Work instructions: Please reproduce exactly the line that carries "阿里销量1000+产品图" and all remaining lines through the last line of the data, and write nothing else.

(Dataset excerpts)

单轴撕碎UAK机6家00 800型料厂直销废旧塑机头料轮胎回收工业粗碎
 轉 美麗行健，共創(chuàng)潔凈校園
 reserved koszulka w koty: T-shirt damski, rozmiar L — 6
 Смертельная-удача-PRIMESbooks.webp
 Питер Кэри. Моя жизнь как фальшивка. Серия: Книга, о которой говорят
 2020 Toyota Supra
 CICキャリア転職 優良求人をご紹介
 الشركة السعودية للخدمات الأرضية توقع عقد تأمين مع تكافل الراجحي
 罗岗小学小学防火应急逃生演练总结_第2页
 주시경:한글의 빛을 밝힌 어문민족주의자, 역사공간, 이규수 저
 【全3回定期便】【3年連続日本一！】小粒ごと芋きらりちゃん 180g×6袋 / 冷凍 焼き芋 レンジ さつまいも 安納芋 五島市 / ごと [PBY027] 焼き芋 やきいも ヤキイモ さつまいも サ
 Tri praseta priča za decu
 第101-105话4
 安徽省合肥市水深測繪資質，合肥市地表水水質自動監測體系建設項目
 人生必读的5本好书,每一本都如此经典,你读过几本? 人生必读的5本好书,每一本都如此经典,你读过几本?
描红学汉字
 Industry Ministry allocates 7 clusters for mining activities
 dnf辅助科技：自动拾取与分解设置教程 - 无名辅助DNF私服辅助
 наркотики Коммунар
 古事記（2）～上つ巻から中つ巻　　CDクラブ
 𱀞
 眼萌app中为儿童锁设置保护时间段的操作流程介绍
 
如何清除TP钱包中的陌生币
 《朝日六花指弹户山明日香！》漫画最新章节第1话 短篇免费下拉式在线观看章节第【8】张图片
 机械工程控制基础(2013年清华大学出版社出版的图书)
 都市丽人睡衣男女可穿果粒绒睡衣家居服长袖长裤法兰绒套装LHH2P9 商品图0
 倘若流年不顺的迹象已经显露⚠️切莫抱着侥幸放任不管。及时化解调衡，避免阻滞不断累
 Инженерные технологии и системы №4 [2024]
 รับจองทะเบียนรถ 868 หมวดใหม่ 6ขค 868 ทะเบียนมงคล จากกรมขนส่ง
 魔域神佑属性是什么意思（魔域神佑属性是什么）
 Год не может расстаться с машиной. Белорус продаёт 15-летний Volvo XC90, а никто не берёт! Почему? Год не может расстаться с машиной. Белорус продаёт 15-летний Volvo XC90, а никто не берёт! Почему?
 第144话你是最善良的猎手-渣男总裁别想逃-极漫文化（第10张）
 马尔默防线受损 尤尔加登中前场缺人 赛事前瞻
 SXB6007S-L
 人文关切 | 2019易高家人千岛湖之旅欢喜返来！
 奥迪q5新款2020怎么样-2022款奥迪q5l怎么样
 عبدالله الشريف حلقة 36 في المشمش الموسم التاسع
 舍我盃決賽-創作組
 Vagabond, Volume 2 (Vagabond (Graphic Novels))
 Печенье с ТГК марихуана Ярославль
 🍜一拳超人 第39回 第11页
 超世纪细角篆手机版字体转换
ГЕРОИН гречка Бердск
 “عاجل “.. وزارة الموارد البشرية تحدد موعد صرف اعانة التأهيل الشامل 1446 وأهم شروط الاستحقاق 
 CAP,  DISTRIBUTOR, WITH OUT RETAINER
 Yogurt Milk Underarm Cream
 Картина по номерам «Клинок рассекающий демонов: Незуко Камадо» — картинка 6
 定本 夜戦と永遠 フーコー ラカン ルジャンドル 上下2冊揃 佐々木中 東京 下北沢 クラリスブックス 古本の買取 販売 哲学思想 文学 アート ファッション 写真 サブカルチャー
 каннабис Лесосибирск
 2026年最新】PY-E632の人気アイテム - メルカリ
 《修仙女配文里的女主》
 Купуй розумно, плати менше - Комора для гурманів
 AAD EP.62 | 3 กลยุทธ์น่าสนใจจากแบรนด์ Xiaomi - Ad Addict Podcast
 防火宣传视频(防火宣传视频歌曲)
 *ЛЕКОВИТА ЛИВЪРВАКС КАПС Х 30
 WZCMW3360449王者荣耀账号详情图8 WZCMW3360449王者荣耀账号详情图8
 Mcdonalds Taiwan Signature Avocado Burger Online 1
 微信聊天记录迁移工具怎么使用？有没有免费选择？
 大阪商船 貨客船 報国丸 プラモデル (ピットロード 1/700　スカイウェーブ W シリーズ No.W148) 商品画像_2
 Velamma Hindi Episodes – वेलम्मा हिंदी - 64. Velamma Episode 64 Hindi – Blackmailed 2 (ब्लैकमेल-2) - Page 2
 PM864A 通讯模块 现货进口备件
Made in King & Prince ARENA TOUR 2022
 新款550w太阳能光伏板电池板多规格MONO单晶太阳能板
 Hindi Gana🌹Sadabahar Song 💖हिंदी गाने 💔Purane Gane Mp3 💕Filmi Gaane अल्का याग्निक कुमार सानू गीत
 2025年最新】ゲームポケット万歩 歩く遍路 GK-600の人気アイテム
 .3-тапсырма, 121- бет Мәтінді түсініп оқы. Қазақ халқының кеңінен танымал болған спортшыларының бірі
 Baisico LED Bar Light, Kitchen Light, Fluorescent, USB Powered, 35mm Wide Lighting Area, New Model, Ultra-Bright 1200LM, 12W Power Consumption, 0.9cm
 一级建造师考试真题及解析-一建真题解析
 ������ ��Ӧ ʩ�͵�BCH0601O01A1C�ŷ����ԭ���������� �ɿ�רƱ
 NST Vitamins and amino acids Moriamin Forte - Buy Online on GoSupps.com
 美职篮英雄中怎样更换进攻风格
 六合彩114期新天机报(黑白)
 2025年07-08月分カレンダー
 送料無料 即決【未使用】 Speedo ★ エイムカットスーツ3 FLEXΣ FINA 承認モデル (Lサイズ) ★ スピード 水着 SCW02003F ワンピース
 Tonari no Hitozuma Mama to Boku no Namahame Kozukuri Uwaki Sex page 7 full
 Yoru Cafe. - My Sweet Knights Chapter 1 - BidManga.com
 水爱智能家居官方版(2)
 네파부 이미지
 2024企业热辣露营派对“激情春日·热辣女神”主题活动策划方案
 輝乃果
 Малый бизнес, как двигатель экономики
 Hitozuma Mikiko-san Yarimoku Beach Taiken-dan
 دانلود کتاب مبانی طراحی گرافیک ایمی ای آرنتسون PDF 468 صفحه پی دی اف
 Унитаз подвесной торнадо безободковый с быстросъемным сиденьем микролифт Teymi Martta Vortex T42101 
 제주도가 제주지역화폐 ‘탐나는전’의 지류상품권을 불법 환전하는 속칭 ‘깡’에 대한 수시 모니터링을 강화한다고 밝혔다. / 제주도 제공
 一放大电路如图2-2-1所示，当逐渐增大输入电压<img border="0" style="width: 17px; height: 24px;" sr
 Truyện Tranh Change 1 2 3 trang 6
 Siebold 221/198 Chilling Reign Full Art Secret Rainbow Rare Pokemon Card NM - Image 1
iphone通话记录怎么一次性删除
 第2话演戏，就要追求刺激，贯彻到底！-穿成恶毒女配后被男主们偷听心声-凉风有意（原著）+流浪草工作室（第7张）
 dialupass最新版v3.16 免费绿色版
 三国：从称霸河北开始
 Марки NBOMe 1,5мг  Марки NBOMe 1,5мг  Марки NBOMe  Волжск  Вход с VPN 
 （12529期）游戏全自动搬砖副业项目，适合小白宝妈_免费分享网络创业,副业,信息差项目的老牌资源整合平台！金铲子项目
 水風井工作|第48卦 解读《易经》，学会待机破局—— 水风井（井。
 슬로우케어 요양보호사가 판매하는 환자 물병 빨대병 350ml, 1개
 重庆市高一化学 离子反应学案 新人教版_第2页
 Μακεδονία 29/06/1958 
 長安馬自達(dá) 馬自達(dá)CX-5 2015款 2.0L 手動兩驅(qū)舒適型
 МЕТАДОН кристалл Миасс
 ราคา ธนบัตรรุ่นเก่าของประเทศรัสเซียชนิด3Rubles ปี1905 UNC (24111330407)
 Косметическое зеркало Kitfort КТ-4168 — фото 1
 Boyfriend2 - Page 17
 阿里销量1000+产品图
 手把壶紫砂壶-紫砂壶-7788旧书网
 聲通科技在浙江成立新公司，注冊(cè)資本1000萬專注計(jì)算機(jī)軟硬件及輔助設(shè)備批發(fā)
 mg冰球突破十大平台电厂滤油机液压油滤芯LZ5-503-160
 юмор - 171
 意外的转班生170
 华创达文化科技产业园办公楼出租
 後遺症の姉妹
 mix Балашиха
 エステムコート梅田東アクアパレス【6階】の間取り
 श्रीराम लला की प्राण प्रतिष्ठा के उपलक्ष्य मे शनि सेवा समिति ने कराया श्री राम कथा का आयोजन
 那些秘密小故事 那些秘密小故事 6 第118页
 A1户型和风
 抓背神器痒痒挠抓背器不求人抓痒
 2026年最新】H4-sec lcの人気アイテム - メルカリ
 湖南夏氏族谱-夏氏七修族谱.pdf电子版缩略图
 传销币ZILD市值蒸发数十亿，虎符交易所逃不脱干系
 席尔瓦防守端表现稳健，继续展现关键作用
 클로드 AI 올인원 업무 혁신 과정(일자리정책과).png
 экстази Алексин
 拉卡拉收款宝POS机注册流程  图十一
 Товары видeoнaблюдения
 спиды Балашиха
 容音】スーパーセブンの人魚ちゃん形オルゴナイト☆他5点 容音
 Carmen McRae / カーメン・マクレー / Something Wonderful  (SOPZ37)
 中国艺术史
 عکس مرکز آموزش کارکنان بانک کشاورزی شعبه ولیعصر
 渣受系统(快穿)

Answer area:
 阿里销量1000+产品图
 手把壶紫砂壶-紫砂壶-7788旧书网
 聲通科技在浙江成立新公司，注冊(cè)資本1000萬專注計(jì)算機(jī)軟硬件及輔助設(shè)備批發(fā)
 mg冰球突破十大平台电厂滤油机液压油滤芯LZ5-503-160
 юмор - 171
 意外的转班生170
 华创达文化科技产业园办公楼出租
 後遺症の姉妹
 mix Балашиха
 エステムコート梅田東アクアパレス【6階】の間取り
 श्रीराम लला की प्राण प्रतिष्ठा के उपलक्ष्य मे शनि सेवा समिति ने कराया श्री राम कथा का आयोजन
 那些秘密小故事 那些秘密小故事 6 第118页
 A1户型和风
 抓背神器痒痒挠抓背器不求人抓痒
 2026年最新】H4-sec lcの人気アイテム - メルカリ
 湖南夏氏族谱-夏氏七修族谱.pdf电子版缩略图
 传销币ZILD市值蒸发数十亿，虎符交易所逃不脱干系
 席尔瓦防守端表现稳健，继续展现关键作用
 클로드 AI 올인원 업무 혁신 과정(일자리정책과).png
 экстази Алексин
 拉卡拉收款宝POS机注册流程  图十一
 Товары видeoнaблюдения
 спиды Балашиха
 容音】スーパーセブンの人魚ちゃん形オルゴナイト☆他5点 容音
 Carmen McRae / カーメン・マクレー / Something Wonderful  (SOPZ37)
 中国艺术史
 عکس مرکز آموزش کارکنان بانک کشاورزی شعبه ولیعصر
 渣受系统(快穿)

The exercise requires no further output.